Second, the grandkids did their Zoom lessons, and that actually went well WHEN the school district supplied equipment worked. But they broke often enough that it was a nuisance. The school district had problems recognizing when they had to switch in mid-day because a tablet died, and sign in on their personal tablets. There were problems recognizing them in attendance … even though they were participating.
That said, they still did pretty good at learning … which I have to credit to some really good teachers. This year they are in 7th & 5th, so it was 6th & 4th last year.
I suspect how well the Zoom classes worked overall was a combination of the kids’ ages, the available internet infrastructure in the neighborhood (pretty decent) and decent school equipment, plus the teacher’s ability to adapt.
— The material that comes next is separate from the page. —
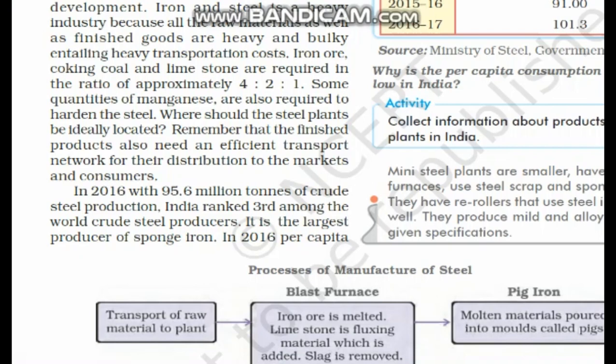Now comes an important question: where should steel plants ideally be located? Since raw material and finished product are both heavy and bulky, they should ideally be located near the places where raw materials are found. At the same time, they need to be near markets and consumers, where there is an easy transport network, because transportation plays a major role for the iron and steel industry.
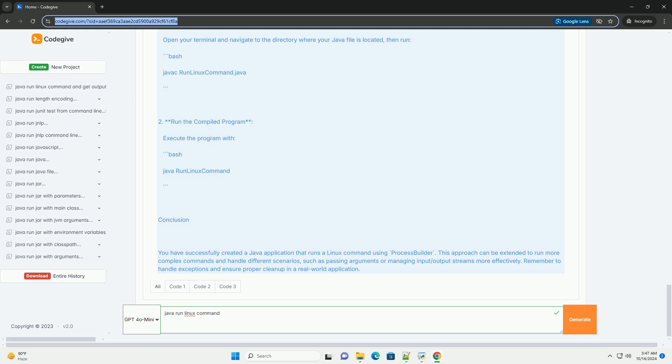3. Command to execute - The command ls is stored in a string variable. You can replace this with any other command you wish to execute. 4. ProcessBuilder initialization - A ProcessBuilder instance is created with the command.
I do know they both opted (with their parent’s blessing) to go back to in person learning as soon as they could … mostly, I suspect, for the social interaction even though they did keep in touch with some classmates over the internet, and even in person where they lived in the same neighborhood.
Maybe the results would have been different if the ages were different, or different teachers. But the grandkids are comfortable with technology. Quite frankly, the kids are better at using the technology than the adults are.
- Eastern Bloc Mitigation - Thursday, Dec 2, 21 @ 7:53 pm:
Of course educational proficiency suffered during the pandemic. That was to be expected, and it couldn’t be helped.